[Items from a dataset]
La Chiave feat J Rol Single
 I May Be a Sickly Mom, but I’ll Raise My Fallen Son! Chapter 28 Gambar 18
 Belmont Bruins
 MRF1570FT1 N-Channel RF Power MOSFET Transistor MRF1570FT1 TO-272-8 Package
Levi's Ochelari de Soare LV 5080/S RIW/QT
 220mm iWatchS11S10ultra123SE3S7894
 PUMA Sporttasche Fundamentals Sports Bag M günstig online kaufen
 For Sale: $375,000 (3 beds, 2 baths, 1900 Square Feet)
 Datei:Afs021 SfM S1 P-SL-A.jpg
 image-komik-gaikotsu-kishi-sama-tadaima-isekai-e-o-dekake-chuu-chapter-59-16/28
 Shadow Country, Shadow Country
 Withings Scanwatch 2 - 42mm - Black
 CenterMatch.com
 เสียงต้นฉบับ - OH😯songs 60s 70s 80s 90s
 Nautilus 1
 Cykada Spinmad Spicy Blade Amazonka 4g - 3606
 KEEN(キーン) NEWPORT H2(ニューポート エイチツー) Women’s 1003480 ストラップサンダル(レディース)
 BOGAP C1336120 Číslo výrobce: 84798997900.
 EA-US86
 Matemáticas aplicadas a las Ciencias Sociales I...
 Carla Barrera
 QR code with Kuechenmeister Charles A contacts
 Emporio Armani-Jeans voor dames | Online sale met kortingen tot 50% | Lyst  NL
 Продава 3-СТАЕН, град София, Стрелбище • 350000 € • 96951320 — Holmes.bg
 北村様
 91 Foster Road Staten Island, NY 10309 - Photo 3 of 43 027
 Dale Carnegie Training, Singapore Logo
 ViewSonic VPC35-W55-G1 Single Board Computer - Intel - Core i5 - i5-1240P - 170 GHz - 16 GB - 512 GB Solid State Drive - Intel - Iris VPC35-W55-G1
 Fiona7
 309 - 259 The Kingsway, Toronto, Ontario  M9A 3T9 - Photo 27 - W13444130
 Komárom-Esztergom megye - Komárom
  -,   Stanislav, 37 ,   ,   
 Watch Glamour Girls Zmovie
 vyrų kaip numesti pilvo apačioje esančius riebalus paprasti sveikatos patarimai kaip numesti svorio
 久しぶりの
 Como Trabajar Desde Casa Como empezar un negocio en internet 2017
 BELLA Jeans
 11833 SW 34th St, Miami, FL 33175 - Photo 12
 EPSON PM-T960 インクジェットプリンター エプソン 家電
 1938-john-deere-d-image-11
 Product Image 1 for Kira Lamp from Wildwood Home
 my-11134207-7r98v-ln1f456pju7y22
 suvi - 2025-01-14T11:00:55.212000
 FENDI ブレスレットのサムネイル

■ Exercise prompt ■
Output an exact copy of the lines beginning at the one that holds "Shadow Country, Shadow Country" and running through the final line of the records.

■ Reply ■
 Shadow Country, Shadow Country
 Withings Scanwatch 2 - 42mm - Black
 CenterMatch.com
 เสียงต้นฉบับ - OH😯songs 60s 70s 80s 90s
 Nautilus 1
 Cykada Spinmad Spicy Blade Amazonka 4g - 3606
 KEEN(キーン) NEWPORT H2(ニューポート エイチツー) Women’s 1003480 ストラップサンダル(レディース)
 BOGAP C1336120 Číslo výrobce: 84798997900.
 EA-US86
 Matemáticas aplicadas a las Ciencias Sociales I...
 Carla Barrera
 QR code with Kuechenmeister Charles A contacts
 Emporio Armani-Jeans voor dames | Online sale met kortingen tot 50% | Lyst  NL
 Продава 3-СТАЕН, град София, Стрелбище • 350000 € • 96951320 — Holmes.bg
 北村様
 91 Foster Road Staten Island, NY 10309 - Photo 3 of 43 027
 Dale Carnegie Training, Singapore Logo
 ViewSonic VPC35-W55-G1 Single Board Computer - Intel - Core i5 - i5-1240P - 170 GHz - 16 GB - 512 GB Solid State Drive - Intel - Iris VPC35-W55-G1
 Fiona7
 309 - 259 The Kingsway, Toronto, Ontario  M9A 3T9 - Photo 27 - W13444130
 Komárom-Esztergom megye - Komárom
  -,   Stanislav, 37 ,   ,   
 Watch Glamour Girls Zmovie
 vyrų kaip numesti pilvo apačioje esančius riebalus paprasti sveikatos patarimai kaip numesti svorio
 久しぶりの
 Como Trabajar Desde Casa Como empezar un negocio en internet 2017
 BELLA Jeans
 11833 SW 34th St, Miami, FL 33175 - Photo 12
 EPSON PM-T960 インクジェットプリンター エプソン 家電
 1938-john-deere-d-image-11
 Product Image 1 for Kira Lamp from Wildwood Home
 my-11134207-7r98v-ln1f456pju7y22
 suvi - 2025-01-14T11:00:55.212000
 FENDI ブレスレットのサムネイル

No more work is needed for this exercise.